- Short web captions
=== Begin Enclosure ===

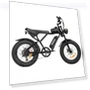 Превью Mini Electric Bike — Electric Self-Balancing Scooters, Ridstar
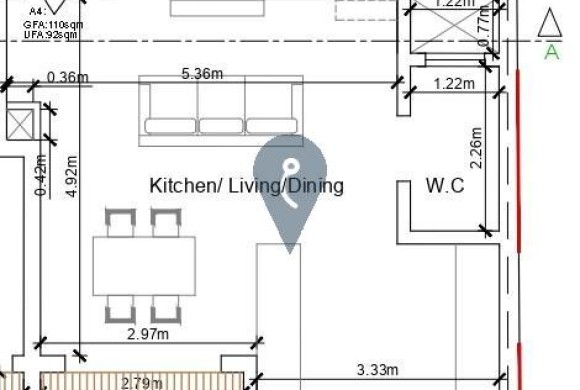 Apartment for sale in Birkirkara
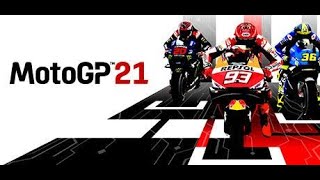 MotoGP 21 Milestone srl 2021 [upl. by Ymme780]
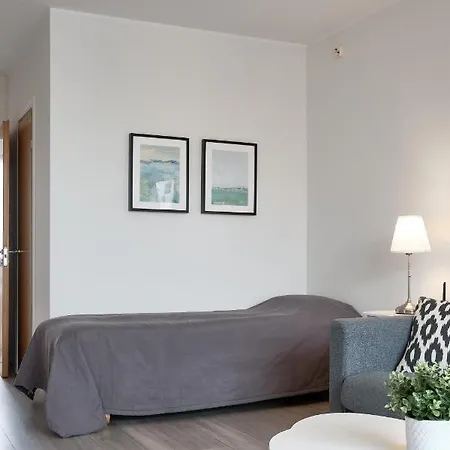 Comodo - One Bedroom - Munkkisaari, * 헬싱키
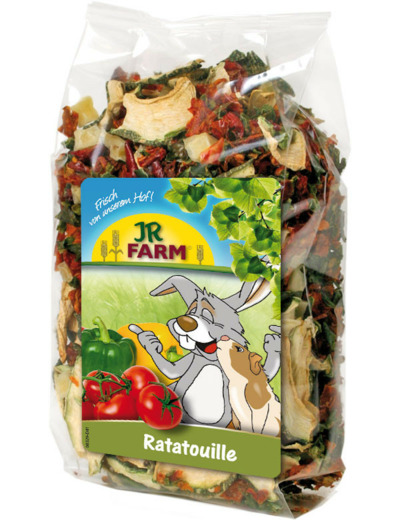 JR Ratatouille pour rongeurs - 100g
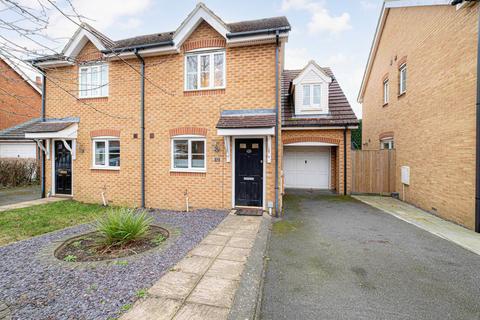 3 bedroom semi-detached house for sale - Forest Avenue, Ashford, TN25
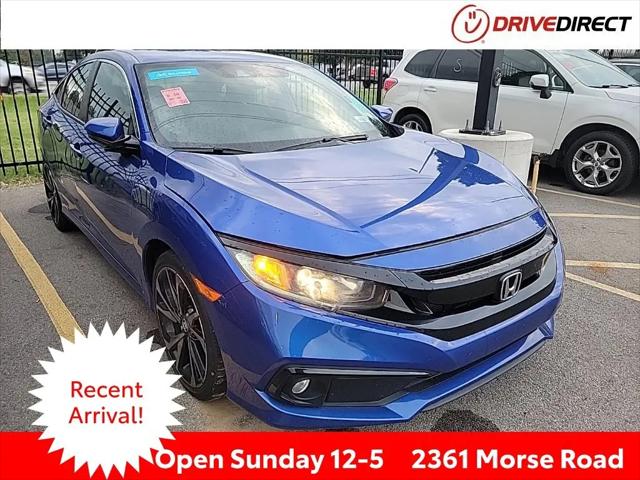 2019 Honda Civic Sport for sale near Columbus, OH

=== End Enclosure ===

- Activity
Transcribe, without alteration, each line from the one with "JR Ratatouille pour rongeurs - 100g" through the last line of the data; no pictures belong in the copy.

- Answer space
 JR Ratatouille pour rongeurs - 100g
 3 bedroom semi-detached house for sale - Forest Avenue, Ashford, TN25
 2019 Honda Civic Sport for sale near Columbus, OH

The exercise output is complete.